In a pointed article published in Foreign Affairs on Thursday, Ami Ayalon, who also once commanded the Israeli navy, declared, “Israel is fighting a war it cannot win.”
Ayalon described the assault as “unjust, immoral, and counterproductive,” urging the international community to enforce a political endgame.
He called on global powers to circumvent Tel Aviv’s obstruction and initiate a process aimed at establishing the so-called two-state solution.
He warned that Israel’s stubbornness threatens to unravel the entire regional order.
“The longer the vacuum in Israel’s planning persists, the more international actors will need to come together to prevent an even worse catastrophe than the one currently unfolding,” Ayalon cautioned.

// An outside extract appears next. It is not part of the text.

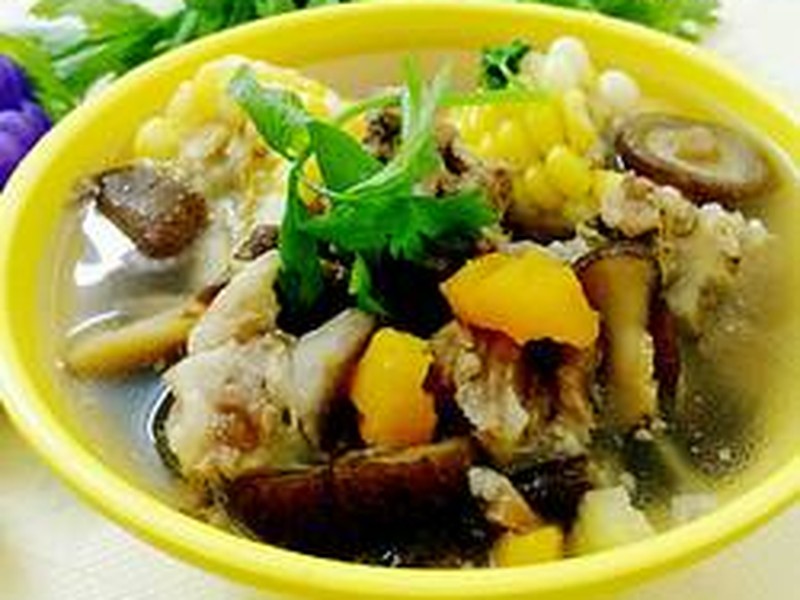 玉米香菇排骨汤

Without a two-state solution, he argued, Israel risks deepening its international isolation, losing support among allies, and becoming a global pariah.
“Wars without a clear political goal cannot be won,” he asserted.
Ayalon’s essay represents one of the most scathing critiques to emerge from Israel’s security establishment. More than 22 months into the military offensive, he warned that Israel has lost any semblance of strategic coherence.
While the Israeli military claims to have dismantled the core infrastructure of the Hamas resistance group, Ayalon noted that Israeli authorities have failed to articulate a political plan for Gaza, leaving the region in the grip of a humanitarian catastrophe and instability.
In his article, the former spy chief also proposed a political solution to the conflict through the long-overlooked Arab Peace Initiative (API).
This 2002 proposal, endorsed by all 22 Arab League states, offers full normalization of ties with Israel in exchange for a complete withdrawal from the occupied Palestinian territories and the establishment of a Palestinian state based on the borders defined in 1967.